I offer the thought that rather than rage against these intrusions into privacy, the only way to oppose the spooks is to embrace the fact of electronic surveillance, and come up with a response to it.

I suggest that for many years now, key personal data has been freely shared between government and private financial agencies. It may skirt the bounds, or overstep the bounds, of legality, but they still do it; they know they won't get caught.

And in a world where any discontented individual or group can access arms, chemicals, timing devices; i.e. where they can organise a terror campaign, there will be assent from the majority for surveillance, so that people are protected from this group.

Of course this is hugely open to abuse, and it is so abused (e.g/ the secret service / FBI intrusions mentioned in this article and in several others) BUT the average citizen will dismiss calls for civil liberty protection, when under attack.

The spooks (intelligence agencies) do not want a change in the present situation; they like it fine, no supervision no control OF THEM. Plenty of control of the rest of us.

There was a situation in the EU parliament last year, where the members passed a proposal that telephone records be insisted upon from the telecom companies for up to six months; major resistance by said companies. Think about it.
They have had ECHELON (surveillance project) for ~ 10 years now, no oversight by parliaments.

I suggest we need to recognise this REALITY, and respond laterally by saying "OK you can know anything about me, BUT I want to know anything about YOU. e.g. Where did you (financial company( place your investments last quarter? Why do you (state taxation agency) want to know that about me? Who is the (now lawfully entitled) operative who is checking ME out?

That is to say, It is a reality, we now need an audit trail, to protect civil liberties in the 21st century.

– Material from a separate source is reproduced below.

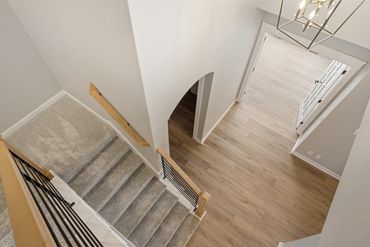 Modern staircase with carpeted steps and wooden handrails leading to a light wood floor entryway.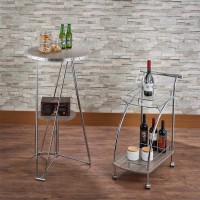 Homeroots Furniture Bar Table In Mirror, Oak & Chrome Multicolor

I know MANY are going to find these comments appalling; but what is your alternative? [Remember Chuikov, Stalingrad 1942, 'Embrace the enemy']

[« Reply to this comment] [Post a new comment »] [Rate this comment: 1 - 2 - 3 - 4 - 5]

one nation under surveillance
Posted by: vasumurti on Jan 16, 2008 6:56 AM   
Current rating: 5    [1 = poor; 5 = excellent]
In his 1992 book, Visions of Liberty, former Executive Director of the ACLU, Ira Glasser writes:

"The use of wiretapping and electronic eavesdropping emerged during the Prohibition era. Roy Olmstead was a suspected bootlegger whom the government wished to search. It placed taps in the basement of his office building and on wires in the streets near his home. No physical entry into his office or home took place. Olmstead was convicted entirely on the basis of evidence from the wiretaps.

"In his appeal to the Supreme Court, Olmstead argued that the taps were a search conducted without a warrant and without probable cause, and that the evidence seized against him should have been excluded because it was illegally gathered. He also argued that his Fifth Amendment right not to be a witness against himself was violated.

"By a 5-4 vote, the Court rejected his arguments and upheld the government's power to wiretap without limit and without any Fourth Amendment restrictions, on the grounds that no actual physical intrusion had taken place.

"Olmstead's Fifth Amendment claim was also dismissed on the grounds that he had not been compelled to talk on the telephone, but had done so voluntarily. Thus the Court upheld the government's power to do by trickery and surreptitious means what it was not permitted to do honestly and openly. It wasn't until 1967, in a similar case involving gambling, that the Court overruled the Olmstead decision by an 8-1 margin and recognized that the Fourth Amendment applied to wiretapping and electronic surveillance.

"Interestingly, these cases arose in the context of crimes like bootlegging and gambling. During the past twenty years, the majority of wiretapping and electronic eavesdropping by both state and federal officials has been in cases involving drug dealing and gambling.

"Serious crimes of violence, such as homicide, assault, rape, robbery, and burglary, are rarely the target of electronic eavesdropping, which is not normally a useful tool in such cases.

"From the beginning, when wiretapping was virtually invented to enforce laws prohibiting the sale of alcohol, to the late 1960s, when gambling was a major target, to the present, when the use and sale of drugs other than alcohol are the main target, these intrusive devices have been used mostly to enforce laws aimed at punishing and proscribing personal conduct that society deems immoral.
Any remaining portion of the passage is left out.